Return the entries exactly. Images are not part of the copy.

Data for this exercise Start Marker

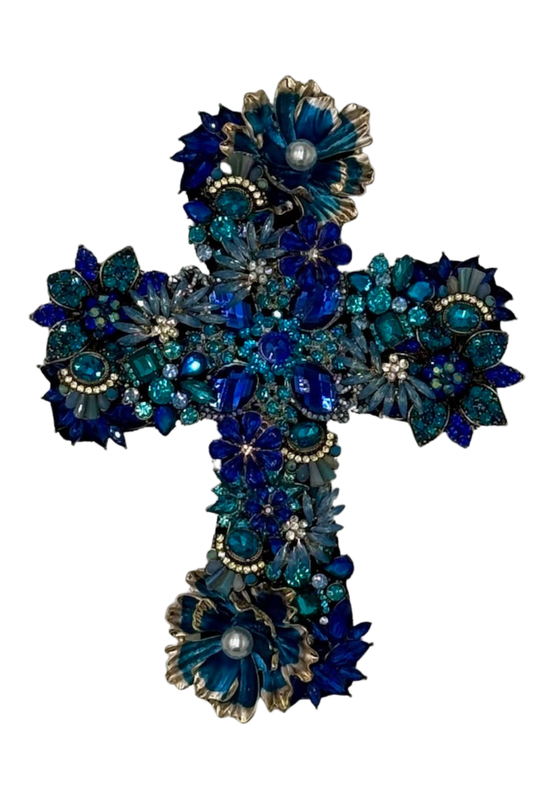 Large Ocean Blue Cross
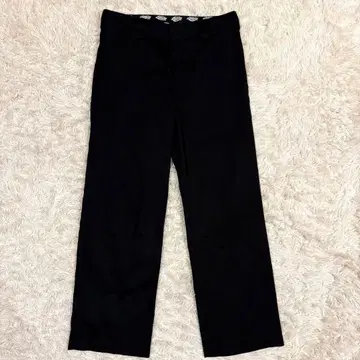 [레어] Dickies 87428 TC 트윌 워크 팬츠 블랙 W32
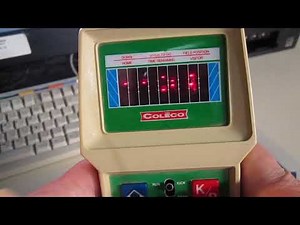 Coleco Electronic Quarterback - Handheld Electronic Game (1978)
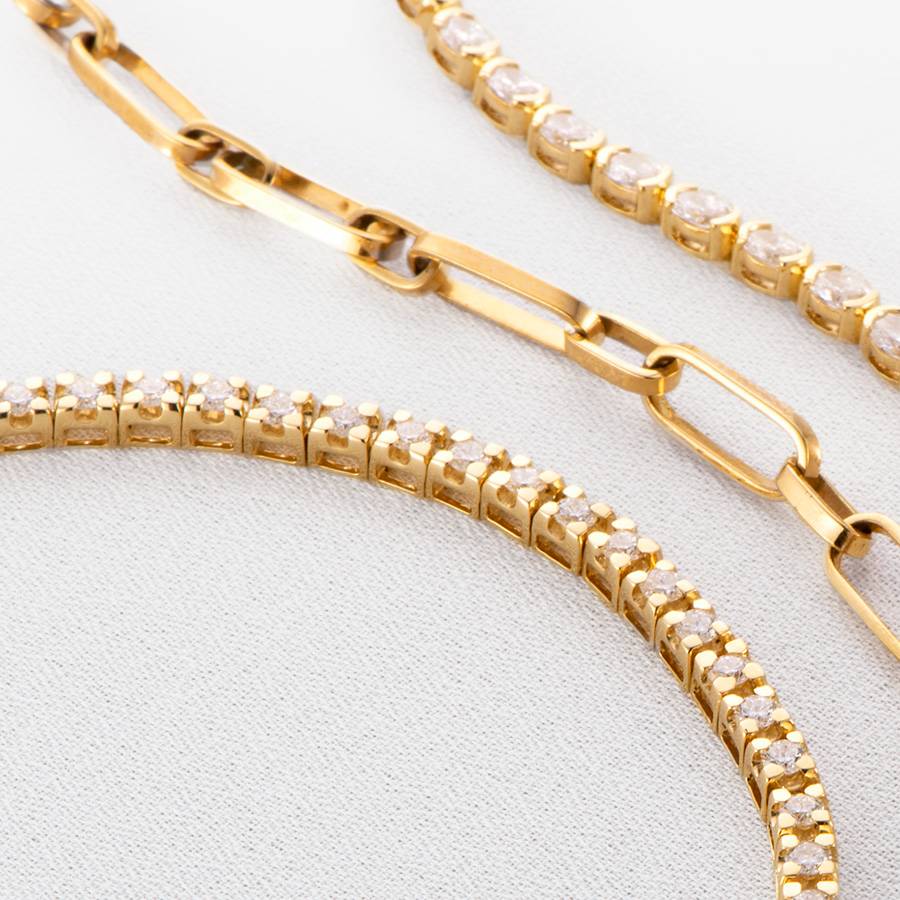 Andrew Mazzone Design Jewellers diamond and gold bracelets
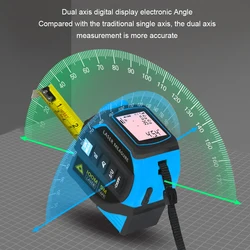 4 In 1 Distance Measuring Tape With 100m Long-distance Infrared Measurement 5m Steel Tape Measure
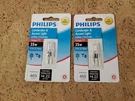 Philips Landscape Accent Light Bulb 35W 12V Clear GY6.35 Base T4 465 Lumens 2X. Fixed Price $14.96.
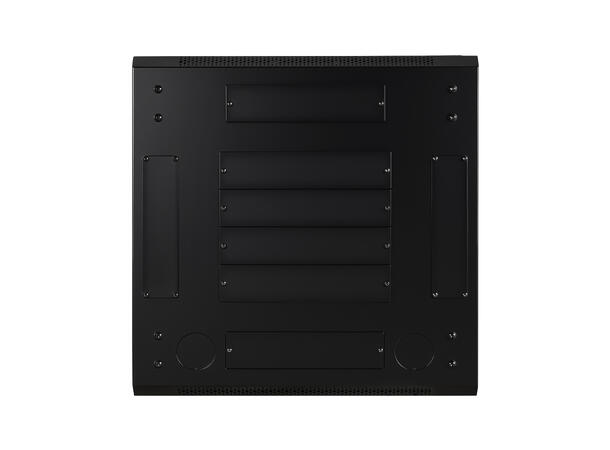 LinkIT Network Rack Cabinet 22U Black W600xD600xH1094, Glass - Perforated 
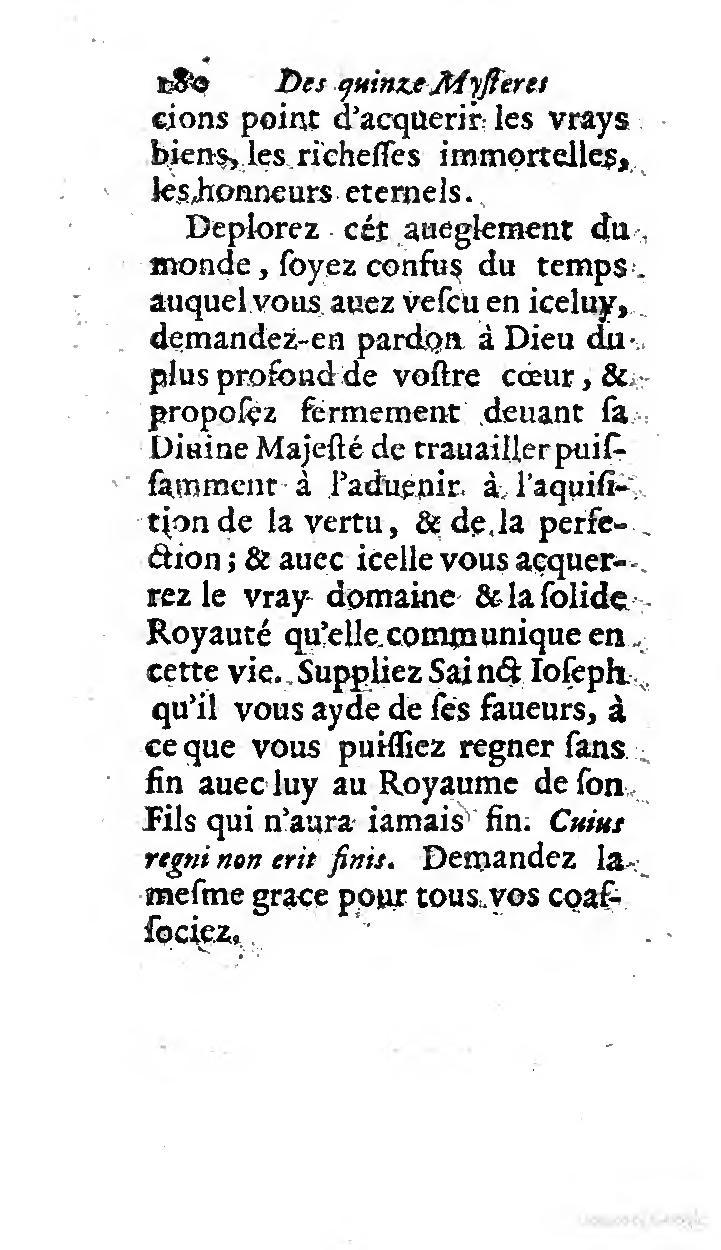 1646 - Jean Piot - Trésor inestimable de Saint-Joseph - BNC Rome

Data for this exercise End Marker

Result below:
 Large Ocean Blue Cross
 [레어] Dickies 87428 TC 트윌 워크 팬츠 블랙 W32
 Coleco Electronic Quarterback - Handheld Electronic Game (1978)
 Andrew Mazzone Design Jewellers diamond and gold bracelets
 4 In 1 Distance Measuring Tape With 100m Long-distance Infrared Measurement 5m Steel Tape Measure
 Philips Landscape Accent Light Bulb 35W 12V Clear GY6.35 Base T4 465 Lumens 2X. Fixed Price $14.96.
 LinkIT Network Rack Cabinet 22U Black W600xD600xH1094, Glass - Perforated 
 1646 - Jean Piot - Trésor inestimable de Saint-Joseph - BNC Rome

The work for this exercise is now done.